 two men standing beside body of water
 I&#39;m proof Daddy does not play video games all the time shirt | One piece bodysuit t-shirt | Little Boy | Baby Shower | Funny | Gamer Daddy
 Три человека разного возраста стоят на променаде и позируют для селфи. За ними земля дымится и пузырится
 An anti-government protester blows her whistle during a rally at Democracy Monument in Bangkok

* * *

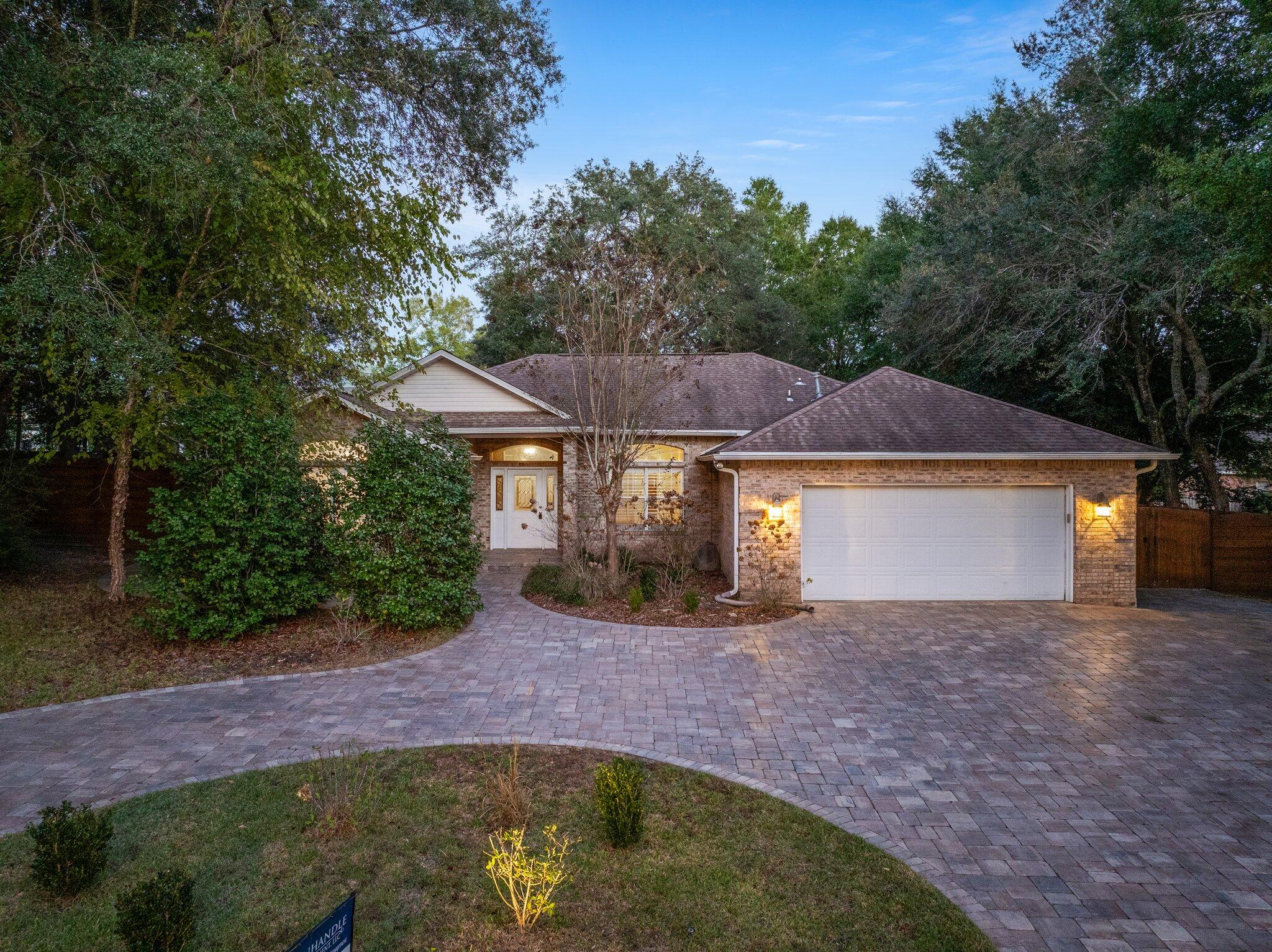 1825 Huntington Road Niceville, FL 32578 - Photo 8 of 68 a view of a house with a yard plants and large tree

...

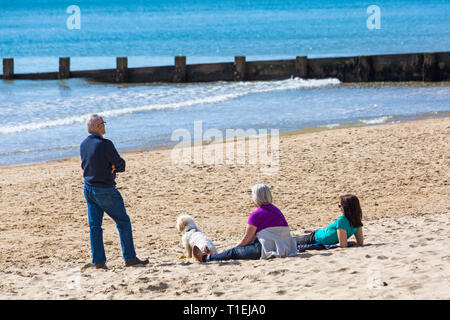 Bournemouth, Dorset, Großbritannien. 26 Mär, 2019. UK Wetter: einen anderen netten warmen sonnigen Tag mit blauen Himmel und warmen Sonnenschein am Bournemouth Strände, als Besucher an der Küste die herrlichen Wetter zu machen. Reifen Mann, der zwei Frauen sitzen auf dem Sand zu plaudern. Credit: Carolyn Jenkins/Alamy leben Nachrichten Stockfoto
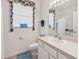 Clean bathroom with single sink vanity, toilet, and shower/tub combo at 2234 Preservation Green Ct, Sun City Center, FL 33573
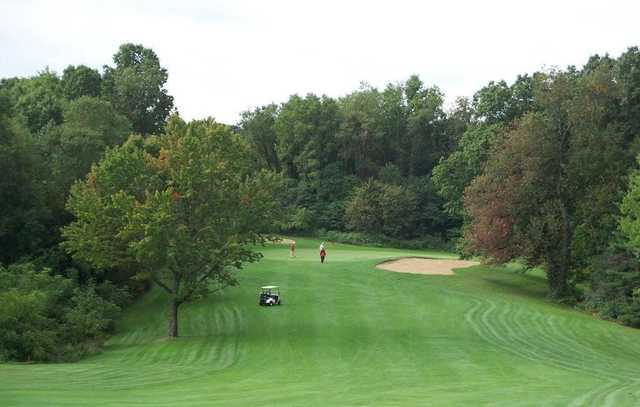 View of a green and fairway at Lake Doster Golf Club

What to produce: In the data above, retype exactly and only the lines between the one holding "two men standing beside body of water" and the one holding "An anti-government protester", inclusive.

Problem solution:
 two men standing beside body of water
 I&#39;m proof Daddy does not play video games all the time shirt | One piece bodysuit t-shirt | Little Boy | Baby Shower | Funny | Gamer Daddy
 Три человека разного возраста стоят на променаде и позируют для селфи. За ними земля дымится и пузырится
 An anti-government protester blows her whistle during a rally at Democracy Monument in Bangkok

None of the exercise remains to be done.